Caso Kalupeteka espelha "falta de liberdade religiosa"
11 de maio de 2015Os confrontos registados no centro de Angola, em meados de abril, entre a polícia e fiéis da seita religiosa "A Luz do Mundo" correspondem a uma "manifestação pura e factual da falta de liberdade religiosa" no país, diz o advogado angolano Paulo Muginga.
"Eu não creio que, com este incidente, o Governo angolano altere o quadro legislativo ou passe a ser mais flexível ou tolerante. Muito pelo contrário."
Muginga, que está a fazer mestrado em Portugal sobre a temática da liberdade religiosa em Angola, sublinha, por outro lado, que é prematuro analisar com isenção este caso, que envolveu o assassinato de nove agentes da polícia e de um número indeterminado de civis. "Ainda não há uma análise isenta, objetiva, daquilo que realmente aconteceu. O certo é que houve mortos e estão envolvidos, por um lado, órgãos da polícia e, por outro, cidadãos que, de forma muito liberal, se organizaram e estavam a praticar o culto religioso."
100 mil fiéis para ser legal
Até ao momento, por exemplo, pequenas igrejas de cariz cristão ou grupos da comunidade muçulmana não conseguem fazer o registo legal para o exercício da sua confissão, pois o Governo exige para tal o mínimo de 100 mil fiéis. Para o académico Paulo Mendes Pinto, especialista em mitologias e religiões antigas, a questão da liberdade religiosa é um desafio fundamental, que deve ser bem ponderado constitucionalmente.
"Eu acho que o grande desafio está em conseguirmos encontrar caso a caso, cultura a cultura, um equilíbrio, em que o indivíduo tenha liberdade de expressão, neste caso religiosa, mas os Estados possam, em conjunto com as religiões, cumprir as suas funções sociais. E não exatamente ao contrário: os Estados sentirem-se ameaçados pelas religiões, porque as religiões os negam", diz Mendes Pinto.

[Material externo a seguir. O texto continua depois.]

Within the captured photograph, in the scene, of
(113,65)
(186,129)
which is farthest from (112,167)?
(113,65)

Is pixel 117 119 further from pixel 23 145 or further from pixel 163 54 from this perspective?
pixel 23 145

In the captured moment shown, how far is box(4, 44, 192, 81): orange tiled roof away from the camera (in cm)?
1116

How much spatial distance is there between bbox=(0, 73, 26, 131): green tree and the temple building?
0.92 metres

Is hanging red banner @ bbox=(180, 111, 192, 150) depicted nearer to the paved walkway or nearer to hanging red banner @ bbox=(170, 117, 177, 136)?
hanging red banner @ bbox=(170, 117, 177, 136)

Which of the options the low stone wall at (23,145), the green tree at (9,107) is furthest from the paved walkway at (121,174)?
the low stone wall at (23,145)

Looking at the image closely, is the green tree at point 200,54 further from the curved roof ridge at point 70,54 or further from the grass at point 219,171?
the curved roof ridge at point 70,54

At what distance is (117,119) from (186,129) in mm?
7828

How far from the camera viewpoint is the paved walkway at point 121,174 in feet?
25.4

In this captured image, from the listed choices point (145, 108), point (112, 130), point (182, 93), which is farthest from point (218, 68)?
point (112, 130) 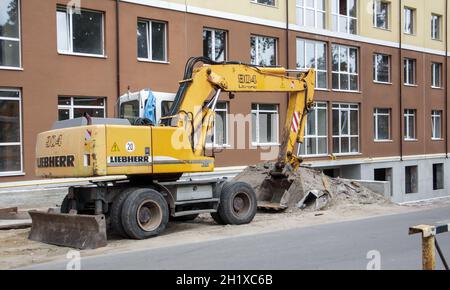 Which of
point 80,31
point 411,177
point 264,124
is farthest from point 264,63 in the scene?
point 411,177

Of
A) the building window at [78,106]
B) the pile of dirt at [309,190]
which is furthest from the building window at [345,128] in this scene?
the building window at [78,106]

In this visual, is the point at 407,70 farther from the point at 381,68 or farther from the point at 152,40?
the point at 152,40

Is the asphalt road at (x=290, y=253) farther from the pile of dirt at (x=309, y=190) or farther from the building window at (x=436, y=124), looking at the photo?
the building window at (x=436, y=124)

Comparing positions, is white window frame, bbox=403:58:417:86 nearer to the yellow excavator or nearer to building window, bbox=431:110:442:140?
building window, bbox=431:110:442:140

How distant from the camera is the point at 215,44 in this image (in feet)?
73.3

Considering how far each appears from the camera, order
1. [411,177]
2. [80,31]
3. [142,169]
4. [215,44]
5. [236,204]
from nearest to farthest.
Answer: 1. [142,169]
2. [236,204]
3. [80,31]
4. [215,44]
5. [411,177]

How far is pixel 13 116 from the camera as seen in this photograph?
55.2 ft

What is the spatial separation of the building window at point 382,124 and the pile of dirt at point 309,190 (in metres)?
12.6

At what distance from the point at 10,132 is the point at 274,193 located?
8286 millimetres

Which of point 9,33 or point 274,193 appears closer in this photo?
point 274,193

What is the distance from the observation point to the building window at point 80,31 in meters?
17.9

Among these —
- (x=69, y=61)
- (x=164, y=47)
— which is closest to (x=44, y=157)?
(x=69, y=61)

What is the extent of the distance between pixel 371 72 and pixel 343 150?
15.7 feet

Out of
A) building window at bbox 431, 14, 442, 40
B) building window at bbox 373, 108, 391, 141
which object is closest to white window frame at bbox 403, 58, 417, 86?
building window at bbox 373, 108, 391, 141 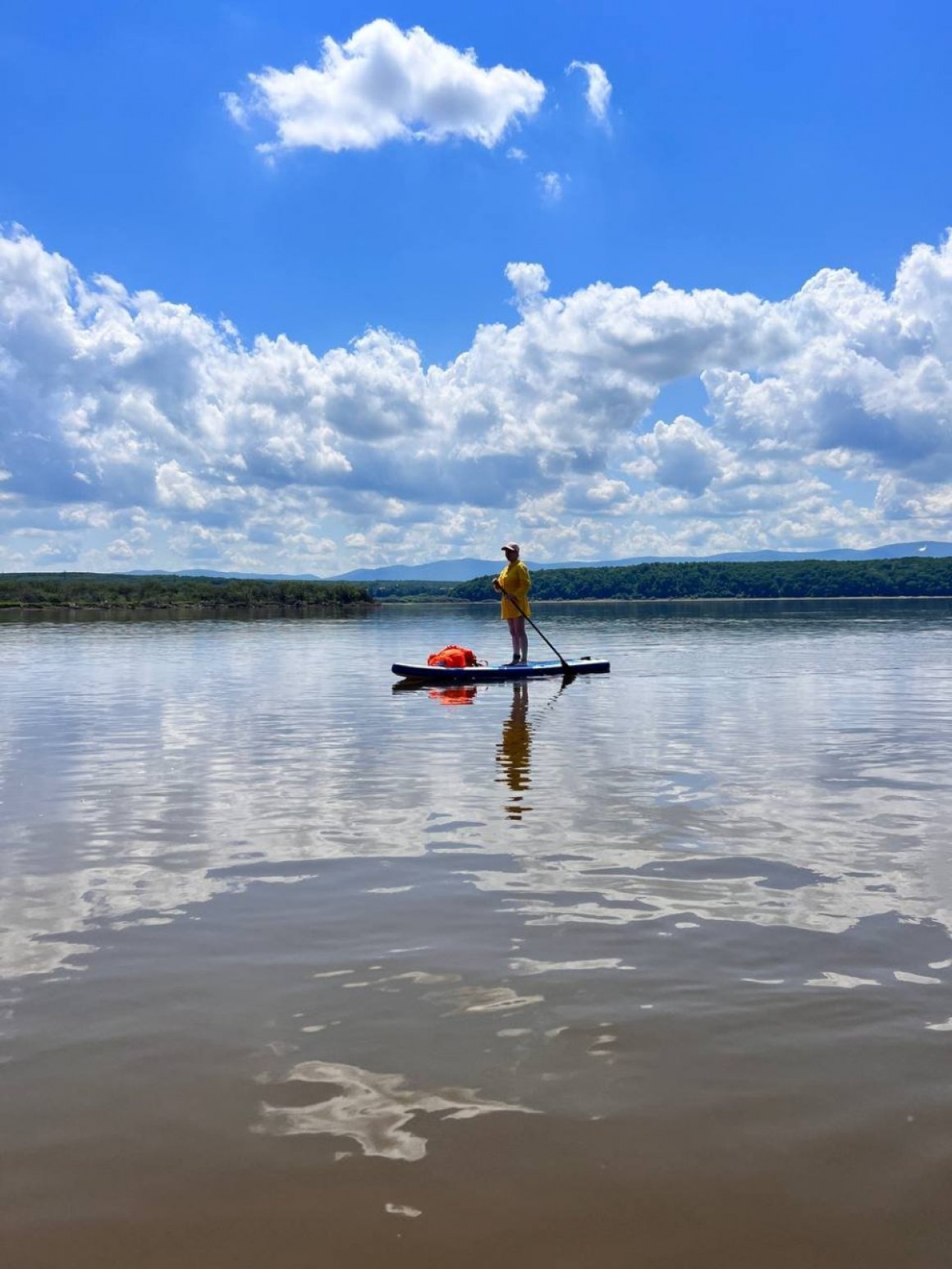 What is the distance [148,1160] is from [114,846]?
19.0 feet

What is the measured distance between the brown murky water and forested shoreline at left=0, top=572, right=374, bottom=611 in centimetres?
12894

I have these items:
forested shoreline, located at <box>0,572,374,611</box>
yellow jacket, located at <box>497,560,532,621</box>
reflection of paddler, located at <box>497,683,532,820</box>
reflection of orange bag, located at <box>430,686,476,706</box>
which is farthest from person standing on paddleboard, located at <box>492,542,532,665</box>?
forested shoreline, located at <box>0,572,374,611</box>

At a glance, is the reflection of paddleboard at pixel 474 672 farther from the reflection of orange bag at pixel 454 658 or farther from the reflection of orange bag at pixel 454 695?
the reflection of orange bag at pixel 454 695

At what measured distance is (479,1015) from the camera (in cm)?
556

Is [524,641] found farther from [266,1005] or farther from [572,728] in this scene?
[266,1005]

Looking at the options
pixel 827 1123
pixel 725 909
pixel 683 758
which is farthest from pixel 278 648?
pixel 827 1123

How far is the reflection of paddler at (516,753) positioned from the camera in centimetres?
1193

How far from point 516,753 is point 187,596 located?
14290cm

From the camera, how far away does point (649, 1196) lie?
3.97 meters

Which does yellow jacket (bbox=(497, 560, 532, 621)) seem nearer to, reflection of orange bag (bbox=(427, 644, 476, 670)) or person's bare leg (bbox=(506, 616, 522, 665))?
person's bare leg (bbox=(506, 616, 522, 665))

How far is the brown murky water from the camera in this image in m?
3.86

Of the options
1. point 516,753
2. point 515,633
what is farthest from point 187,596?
point 516,753

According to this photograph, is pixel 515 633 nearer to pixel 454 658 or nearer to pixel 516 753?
pixel 454 658

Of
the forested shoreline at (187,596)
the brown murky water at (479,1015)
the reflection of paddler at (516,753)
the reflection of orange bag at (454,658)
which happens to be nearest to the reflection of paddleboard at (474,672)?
the reflection of orange bag at (454,658)
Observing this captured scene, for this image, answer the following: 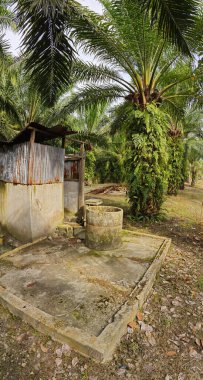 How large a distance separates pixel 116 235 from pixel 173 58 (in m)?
5.69

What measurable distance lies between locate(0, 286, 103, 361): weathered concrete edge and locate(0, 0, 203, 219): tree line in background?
3894 mm

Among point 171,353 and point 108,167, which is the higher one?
point 108,167

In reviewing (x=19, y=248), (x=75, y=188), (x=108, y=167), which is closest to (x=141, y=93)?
(x=75, y=188)

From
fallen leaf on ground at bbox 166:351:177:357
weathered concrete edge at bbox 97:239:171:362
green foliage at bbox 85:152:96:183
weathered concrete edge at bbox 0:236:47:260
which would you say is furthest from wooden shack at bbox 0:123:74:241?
green foliage at bbox 85:152:96:183

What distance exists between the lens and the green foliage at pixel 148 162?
7258 millimetres

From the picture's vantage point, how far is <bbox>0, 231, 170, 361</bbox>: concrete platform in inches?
107

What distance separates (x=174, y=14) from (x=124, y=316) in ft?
13.6

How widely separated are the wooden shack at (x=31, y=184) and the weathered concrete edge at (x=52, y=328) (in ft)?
8.44

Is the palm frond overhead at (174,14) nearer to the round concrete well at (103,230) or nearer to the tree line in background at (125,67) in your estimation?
the tree line in background at (125,67)

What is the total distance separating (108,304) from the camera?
3244mm

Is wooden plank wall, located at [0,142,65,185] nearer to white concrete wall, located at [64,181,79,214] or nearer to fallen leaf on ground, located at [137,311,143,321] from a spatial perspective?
white concrete wall, located at [64,181,79,214]

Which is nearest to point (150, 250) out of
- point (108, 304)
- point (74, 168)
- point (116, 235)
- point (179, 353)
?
point (116, 235)

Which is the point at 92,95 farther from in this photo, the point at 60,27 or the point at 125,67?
the point at 60,27

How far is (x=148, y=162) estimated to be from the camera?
7.55 m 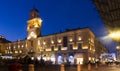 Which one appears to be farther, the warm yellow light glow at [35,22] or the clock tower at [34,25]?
the warm yellow light glow at [35,22]

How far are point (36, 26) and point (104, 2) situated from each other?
72.5 metres

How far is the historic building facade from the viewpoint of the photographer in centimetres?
7050

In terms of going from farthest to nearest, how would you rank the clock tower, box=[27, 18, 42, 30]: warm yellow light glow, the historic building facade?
1. box=[27, 18, 42, 30]: warm yellow light glow
2. the clock tower
3. the historic building facade

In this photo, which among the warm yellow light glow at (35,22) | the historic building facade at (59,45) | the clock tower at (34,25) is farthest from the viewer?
the warm yellow light glow at (35,22)

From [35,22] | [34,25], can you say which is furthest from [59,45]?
[35,22]

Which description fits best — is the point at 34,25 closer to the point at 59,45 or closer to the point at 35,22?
the point at 35,22

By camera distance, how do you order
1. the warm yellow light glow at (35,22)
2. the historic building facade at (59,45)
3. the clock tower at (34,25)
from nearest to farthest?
the historic building facade at (59,45) < the clock tower at (34,25) < the warm yellow light glow at (35,22)

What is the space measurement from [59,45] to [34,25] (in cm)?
1998

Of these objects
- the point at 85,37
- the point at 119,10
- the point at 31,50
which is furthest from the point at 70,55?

Na opinião do historiador português, o aparelho legal angolano precisa de ser atualizado no presente contexto.
"Angola está a viver aquilo que já aconteceu na Europa e nos Estados Unidos da América: o surgimento de grupos fanáticos, que, como este, decidem fazer uma leitura, com uma coerência que eu não sei qual é, que, no fundo, leva a um discurso de 'fim do mundo'. Ora, um discurso de 'fim do mundo' é obviamente contra o Estado e, acima de tudo, contra o cidadão."
O professor da Universidade Lusófona precisa que "Angola é uma nação jovem ainda em fase de reconstrução e tem de haver um trabalho de relação entre as instâncias civis e religiosas para que todos possam crescer em harmonia, sem ninguém negar ninguém".
Comissão de especialistas
Nazim Ahmad, presidente da Rede Aga Khan para o Desenvolvimento, propõe que Angola crie uma Comissão que zele estritamente pelo exercício da liberdade religiosa, em articulação com o Ministério da Justiça, para o reconhecimento de grupos religiosos que queiram estabelecer-se no país.
"Pelo que percebi, a preocupação dos angolanos quanto a grupos como o Boko Haram faz com que eles adotem uma postura de prevenção", afirma Ahmad. "O que eu sugiro é que, nesses casos, tem de haver pessoas especializadas que possam analisar e falar com esses grupos religiosos, identificando se eles, genuinamente, pretendem, ou não, criar as suas bases nesse país."
Nazim Ahmad, um português nascido em Maputo, fala de Moçambique como um país onde há liberdade religiosa e reforça o exemplo com a situação em Portugal, país maioritariamente católico, onde também há liberdade e convivência entre várias religiões.
A DW África ouviu estas individualidades à margem do I Congresso Lusófono de Ciências das Religiões, que decorre em Lisboa de 9 a 13 de maio, para falar de temas como diálogo inter-religioso, tolerância e respeito pela liberdade religiosa como uma das conquistas da democracia.